Republican State Auditor Suzanne Crouch announced Monday the state ended its budget year June 30 with a $106.8 million surplus. When added to existing excess state funds, Indiana now has a total reserve balance of $2.005 billion, she said.
"Due to the strong leadership of Gov. Pence, our state's fiscal health is strong and growing stronger," Crouch said.
However, Crouch admitted the annual surplus only was achieved by Pence's requiring state agencies to "revert," that is, not spend, $151.1 million appropriated to them by the Republican-controlled General Assembly.

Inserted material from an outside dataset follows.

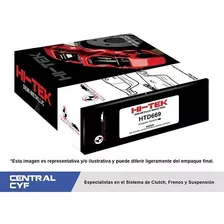 Balata Hi-tek Htd1056 Del Chrysler 300s 2013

The Indiana Family and Social Services Administration, which has come under fire for denying promised state grants to the adoptive parents of disabled children, returned the most -- $27.8 million, or 3.5 percent of its total funding. The Department of Child Services lost $4 million (0.7 percent) to reversions.
At the same time, Crouch noted even after reversions, state spending for local schools last year increased 4 percent, colleges and universities 5 percent and the Indiana Department of Child Services 4.2 percent. The state also paid down $65 million of debt ahead of schedule.
"By living within our means, keeping prudent reserves and identifying areas for potential growth, we can ensure that Indiana remains the fiscal envy of our nation," Crouch said.
Senate Democratic Leader Tim Lanane, D-Anderson, disagreed. He said Indiana is failing to provide the prenatal care, preschool education, affordable college tuition and infrastructure needed for the state's long-term success.
"It's become abundantly clear that the state’s fiscal health has little to do with improving the well-being of the average Hoosier," Lanane said.
"At a time when we should be investing in Indiana to improve the abysmal state of Hoosiers' incomes and health, we are hoarding hard-earned taxpayer's dollars instead of returning it to them with meaningful programs and services."
State revenue for 2014 totaled $14.659 billion. That's $129.9 million, or 0.9 percent, less than 2013 revenue.
Even if revenue grew only at the inflation rate, the state should have taken in $310.6 million, or 2.1 percent, more than last year.
Instead, most of that money was returned to corporations through a 0.5 percent income tax rate cut and the state's wealthiest families via repeal of the inheritance tax, which previously brought in about $150 million a year.
Chris Atkins, director of Pence's Indiana Office of Management and Budget, said weak national economic growth reduced the bang officials expected to get from cutting those taxes, though employer hiring has shrunk the state's unemployment rate 1.9 percent since July 2013.
Indiana last failed to beat its prior year revenue total in 2010 when income and sales tax collections cratered during the nationwide economic slump.